# AIM OF THE TASK
Set down each line of the material that follows, exactly, with no pictures.

=== Section Start ===

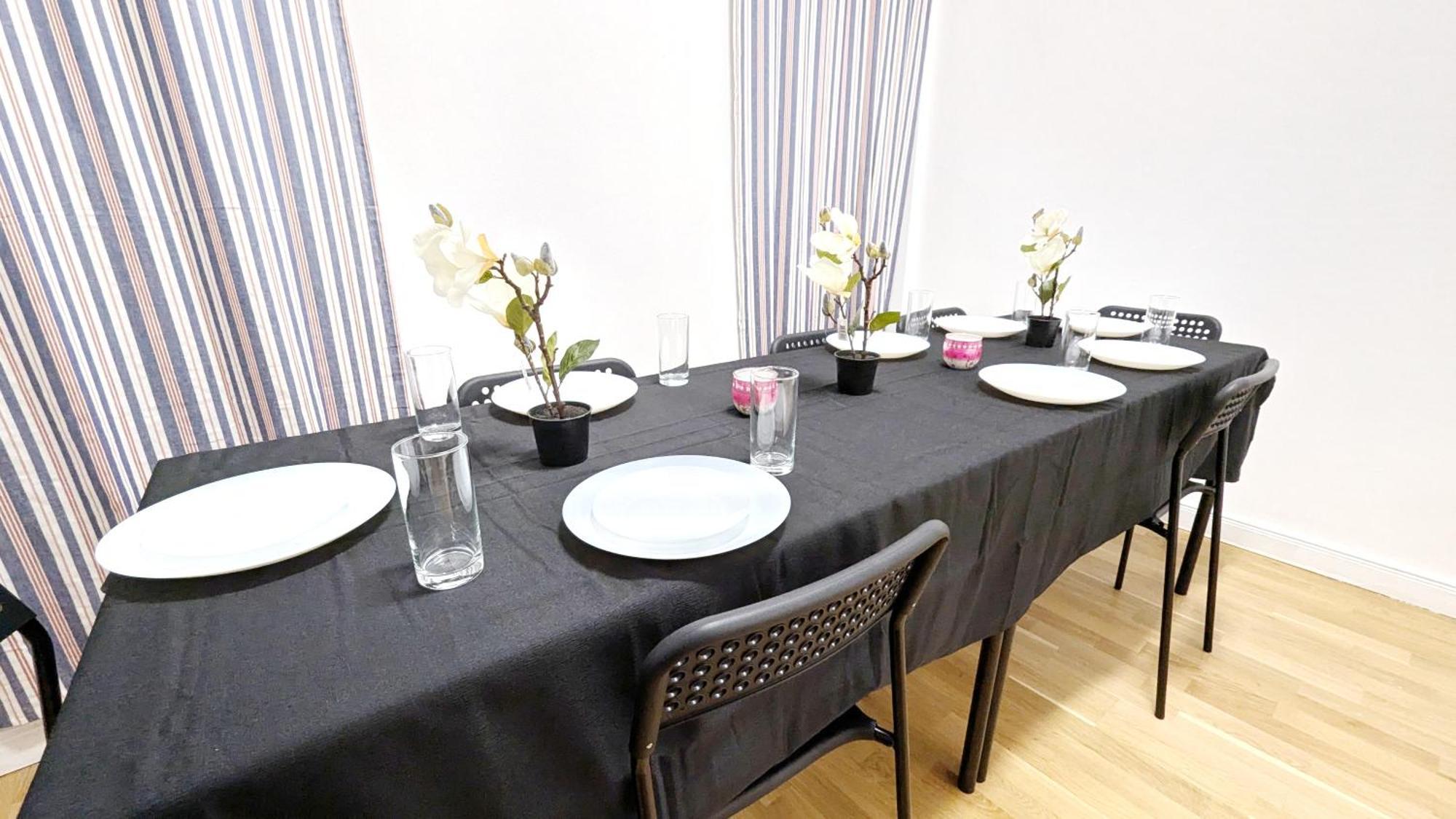 Spacious In A Lively Area *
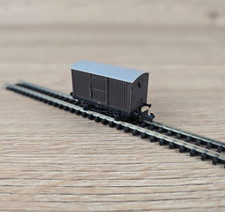 Graham Farish BR 12 Ton Planked Ventilated Van Brown N Gauge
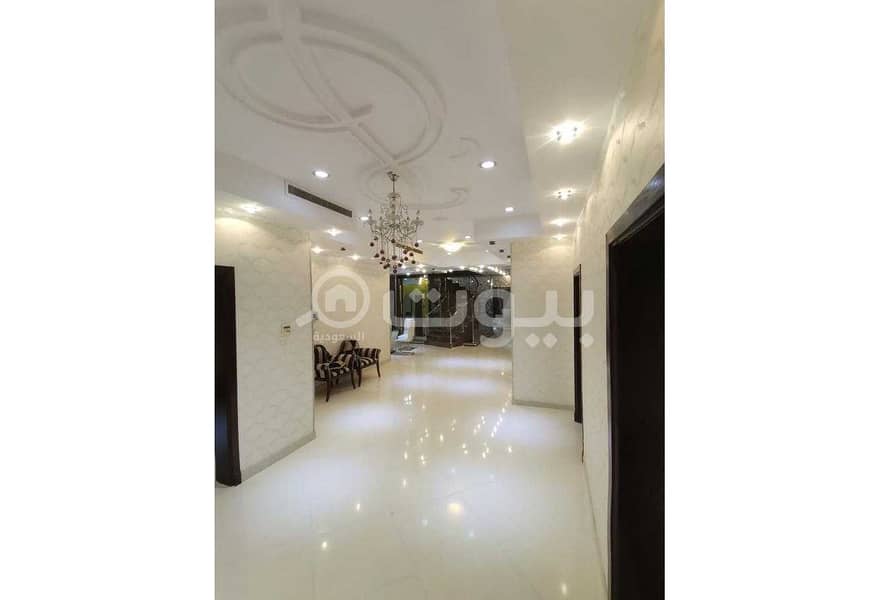 Large custom building villa for sale in Al Yaqout district, north of Jeddah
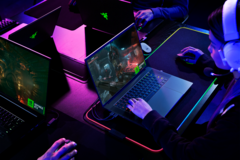 A Razer Blade 16 oferece opções de exibição em modo dual mini-LED. (Fonte de imagem: Razer)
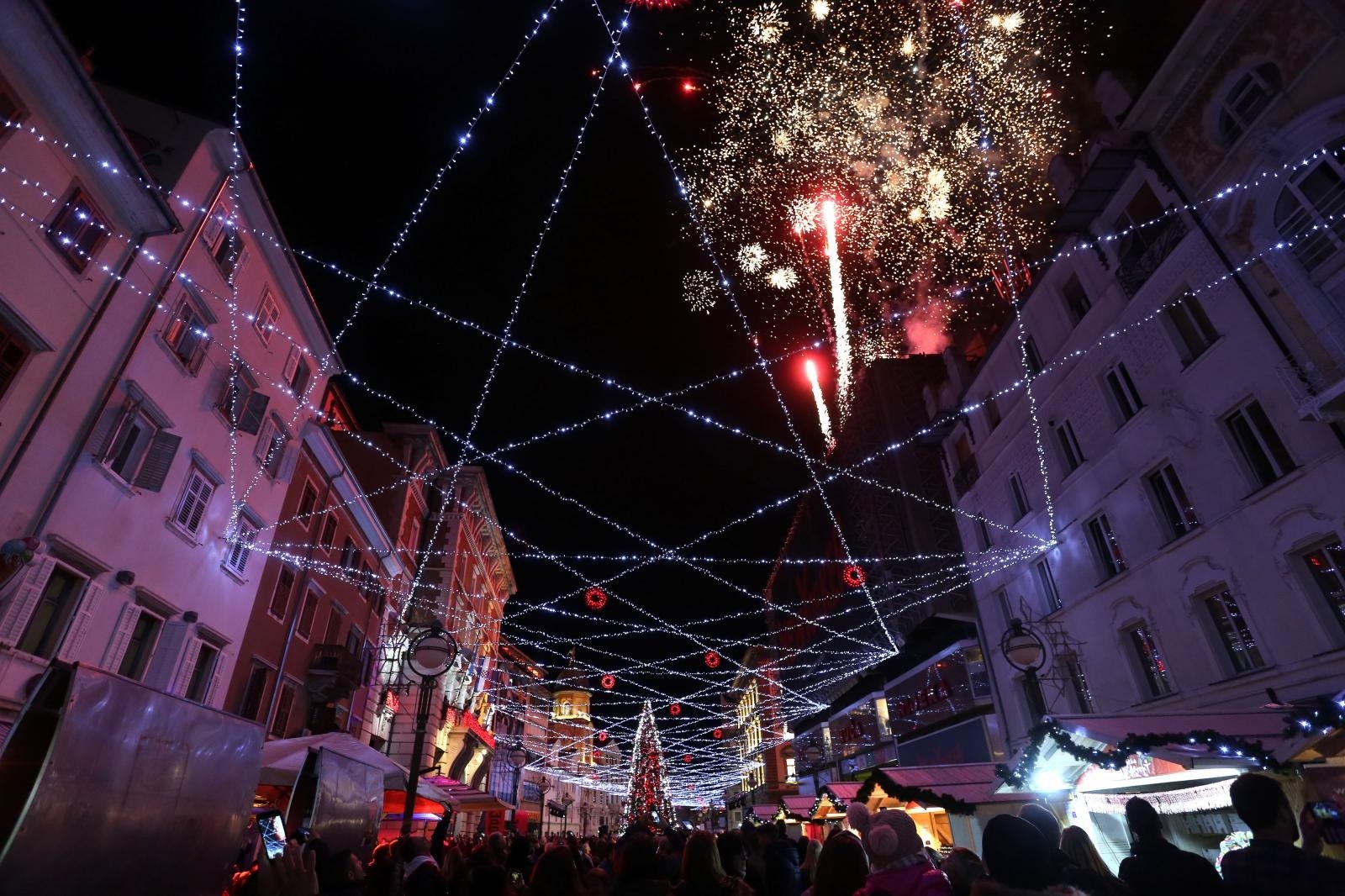 30.11.2019., Rijeka - Na Korzu je uz vatromet upaljena blagdanska rasvjeta. 
Photo: Goran Kovacic/PIXSELL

=== Section End ===

# RESPONSE
 Spacious In A Lively Area *
 Graham Farish BR 12 Ton Planked Ventilated Van Brown N Gauge
 Large custom building villa for sale in Al Yaqout district, north of Jeddah
 A Razer Blade 16 oferece opções de exibição em modo dual mini-LED. (Fonte de imagem: Razer)
 30.11.2019., Rijeka - Na Korzu je uz vatromet upaljena blagdanska rasvjeta. 
Photo: Goran Kovacic/PIXSELL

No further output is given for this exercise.